La communication d’avril fait remarquer que l’état de droit est aussi l’un des principes qui guident l’action extérieure de l’UE et qu’il est devenu peu à peu un élément central du processus d’adhésion à l’Union et de la politique de voisinage. Le programme stratégique du Conseil européen confirme que la défense des valeurs européennes devrait être au cœur des relations extérieures de l’Union. La Commission soutient déjà activement les réformes de l’état de droit dans les pays tiers.

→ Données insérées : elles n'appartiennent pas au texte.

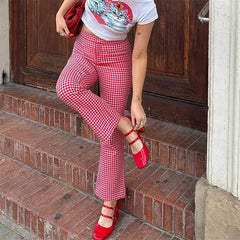 LIZAKOSHT  -  Plaid Flared Pants Women Summer Slim Fit Elastic High Waist Cropped Trousers Casual Sweatpants y2k Clothes Streetwear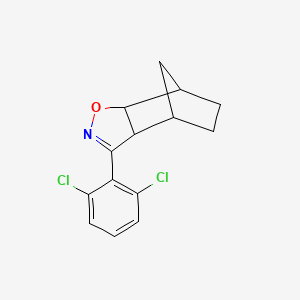 molecular formula C14H13Cl2NO B1193334 5-(2,6-Dichlorophenyl)-3-oxa-4-azatricyclo[5.2.1.02,6]dec-4-ene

Une autre obligation essentielle des États membres est de garantir aux citoyens l’exercice de leurs droits, en leur permettant notamment d’accéder à la justice et à des procès équitables. En vertu de l’article 19 du TUE, tous les États membres confient aux juridictions nationales et à la Cour la charge de garantir la pleine application du droit de l’Union dans l’ensemble des États membres ainsi que la protection juridictionnelle que les justiciables tirent de ce droit. En effet, les juridictions nationales jouent un rôle crucial dans l’application du droit de l’Union, car elles sont chargées en premier lieu d’appliquer le droit de l’Union et de mettre en œuvre le mécanisme de renvoi préjudiciel, en vertu de l’article 267 du TFUE, afin de garantir la cohérence et l’uniformité de l’interprétation du droit de l’UE. À cet égard, et comme le confirme la jurisprudence récente de la Cour de justice de l'Union européenne, la garantie de l’indépendance judiciaire est une obligation juridique qui est au cœur de l’état de droit.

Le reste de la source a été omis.